I decided to take all the cooling system apart and do an inspection. Turns out the first thing was the problem. I found what was left of several jellyfish in the Groco strainer and that was sufficiently reducing the flow to cause a higher temperature. I went ahead and pulled the plate off the water pump to check the impeller and it was perfect. Then I removed both end caps off the heat exchanger and found no debris of any sort. Everything back together, I started her up and ran her hard at anchor and she sat at 195, so problem solved.

I set my alarm for 4:30 am and was gone by 5 am. Raising the anchor by hand was good work that time of the morning, but our windlass requires two people to operate.

It was still deep dark, and the sky was filled with the most impressive star display I have seen outside of the SW deserts. The milky way was very bright, like the proverbial can of white paint thrown across the sky.

To think of the billions of stars in our own tiny galaxy, to think of the immensity of space, to think of the depths of time, to think of the certainty of other lifeforms on other planets, to think of the fragility of our own lives, to think of it all is to experience enlightenment. I drove Aeolus through the depths of night as kerjillions of stars spangled over the sky. It was as though, as we were, levitating.

Sunrise came slowly and exquisitely. If the night must end, this is a beautiful way.

My only goal was to make Dodd Narrows at close to slack, and my boat speed and the distance conspired to put me there at about 12 noon after an 11:15 slack.
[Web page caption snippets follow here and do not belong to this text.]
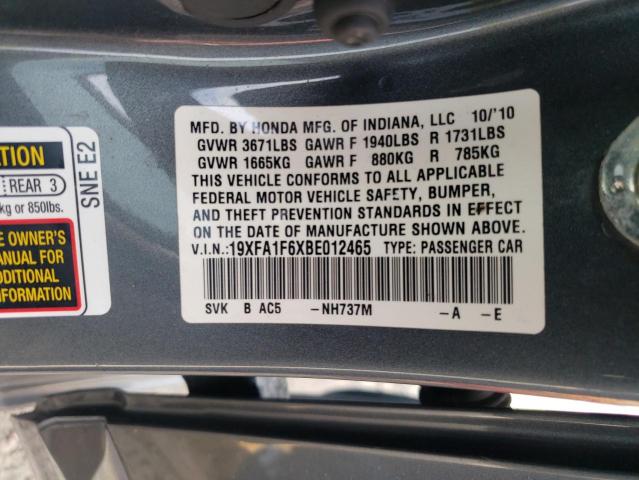 Photo 10 from auction – 2011 HONDA CIVIC LX-S with VIN 19XFA1F6XBE012465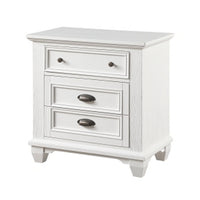 Lyni 30 Inch Nightstand with 3 Drawers, Farmhouse White Acacia Wood - BM313176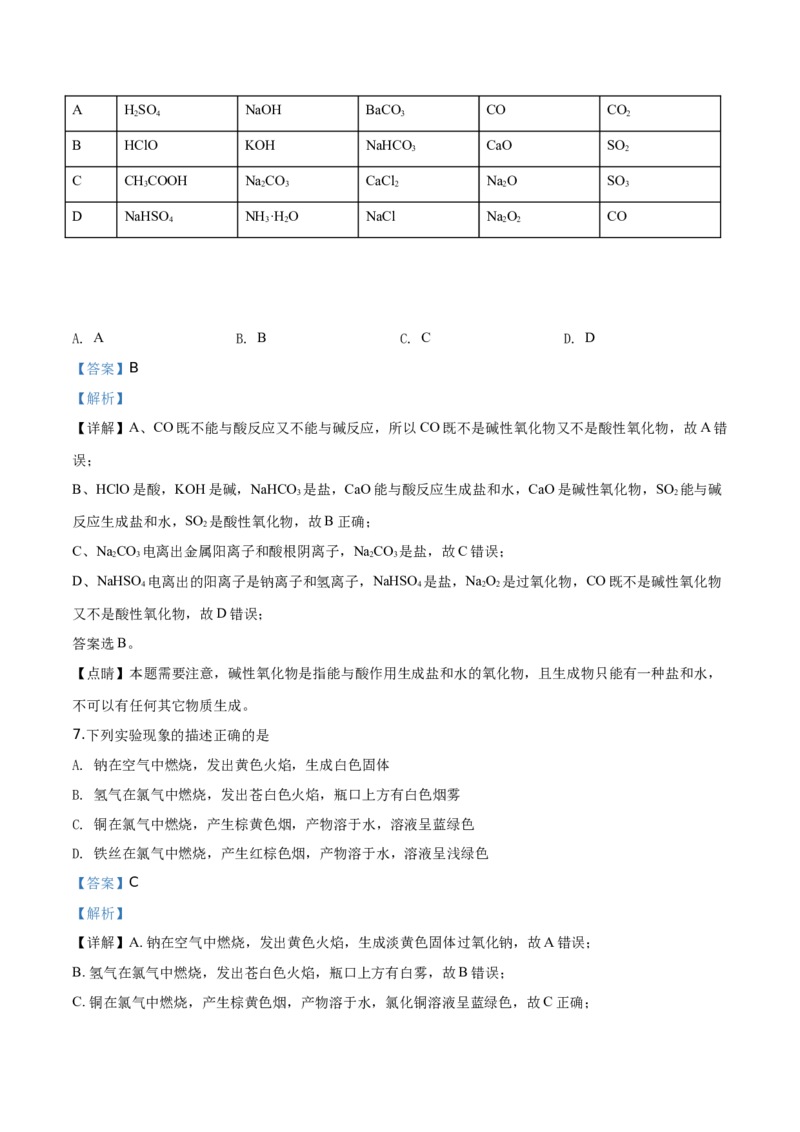 精品解析：北京市北京101中学2019-2020学年高一上学期期中考试化学试题（解析版）_高化_2025春-人教版高中化学_01新版高中化学必修一_4.习题试卷_期中期末真题卷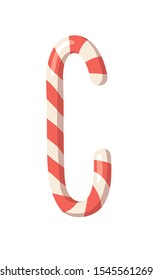 Cartoon vector illustration Christmas Candy Cane. Hand drawn font. Actual Creative Holidays sweet alphabet and letter C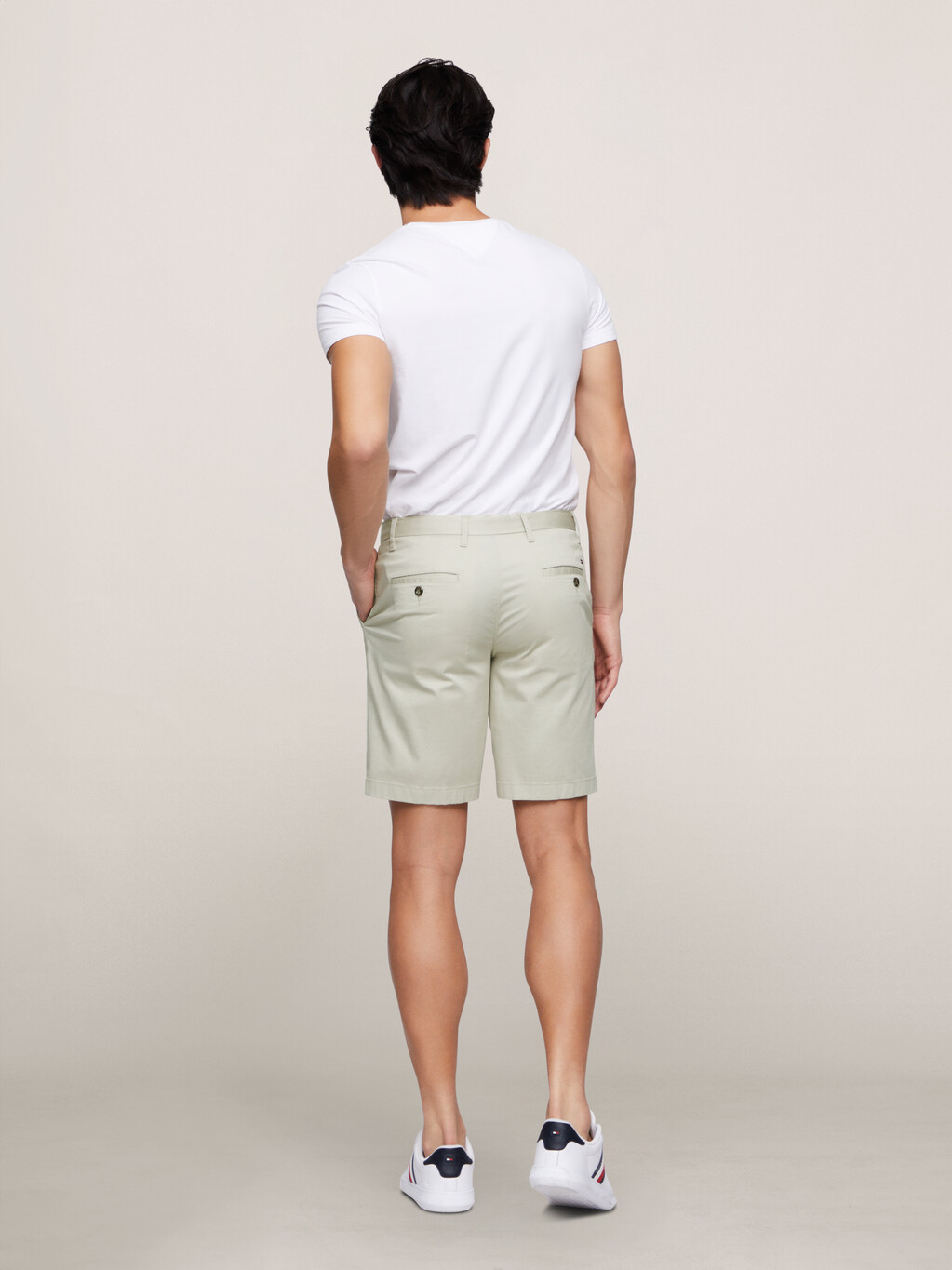 Stretch Cotton Shorts, Bleached Stone, hi-res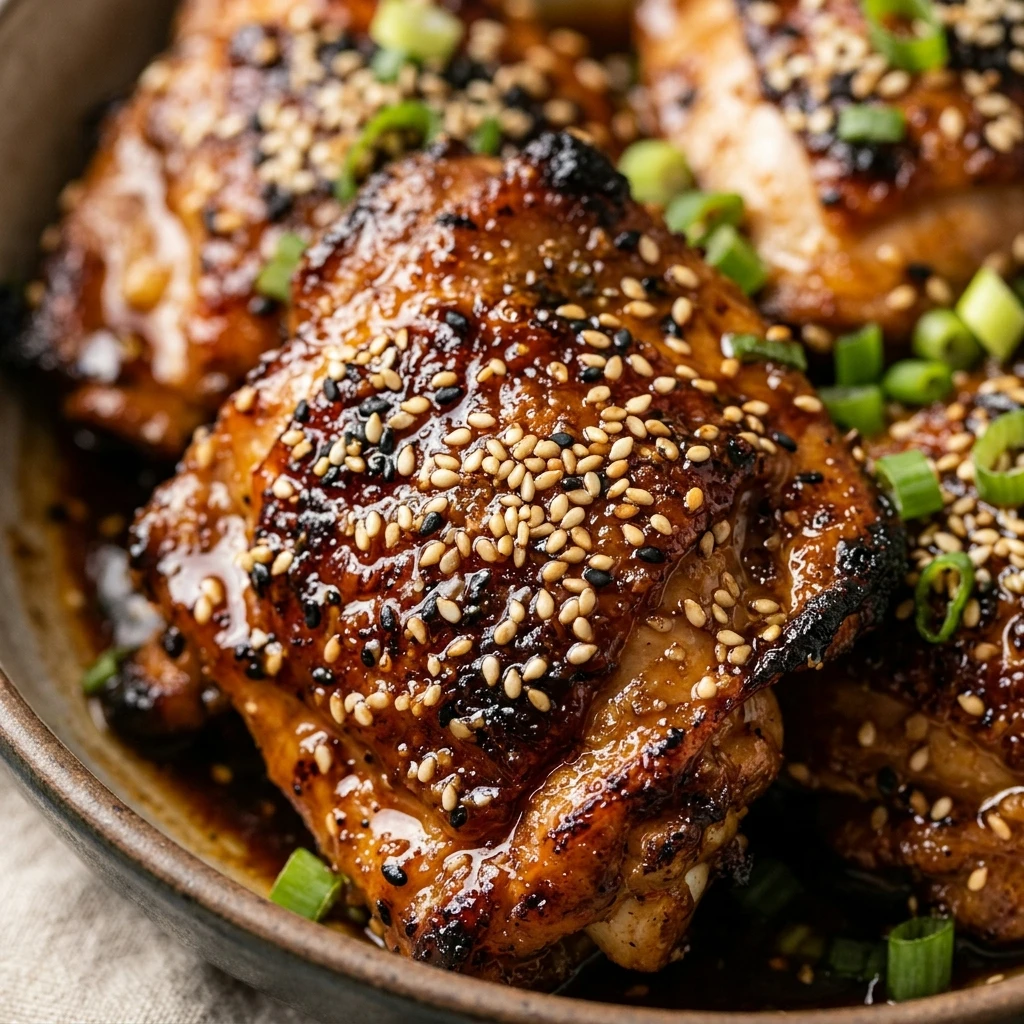 Air Fryer Teriyaki Chicken Thighs with Sesame Seeds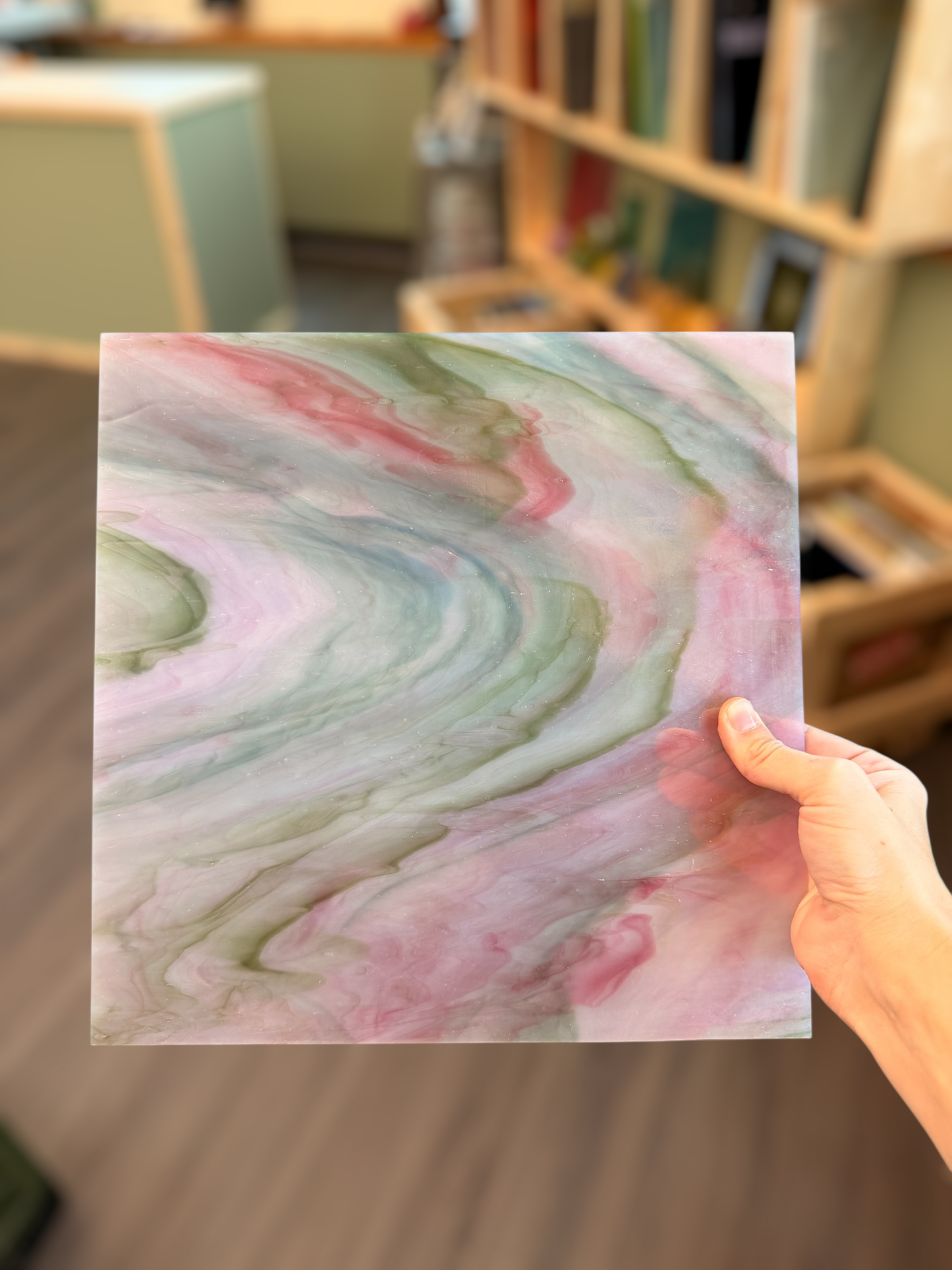 Olive Green/Pink Swirl Opal 12"x12"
Turning to ebb and helping me.

I had about 7 hours to go, but it's a pretty simple math problem to know if you'll make it. The weather forecast was for light and variable winds all day. Smooth motoring.

I did indeed hit Dodd Narrows at 12 noon. The ebb had started and was moving at maybe 2 knots as several boats headed south along with me. Such a beautiful spot.

After that, it was just a straight trip down to Friday Harbor through the Gulf Islands. I used the autopilot a fair amount to be able to cook dinner or just get a break.

On the way past Spieden Island, always a beautiful spot, the sunset overwhelmed the sky with the most intricate cloud patterns. These pictures don't do it justice.

I made the customs dock at Friday Harbor just as they were closing up shop at 8pm. I drove Aeolus for 15 hours straight yesterday and experienced in one day some of the most beautiful scenery our world has to offer.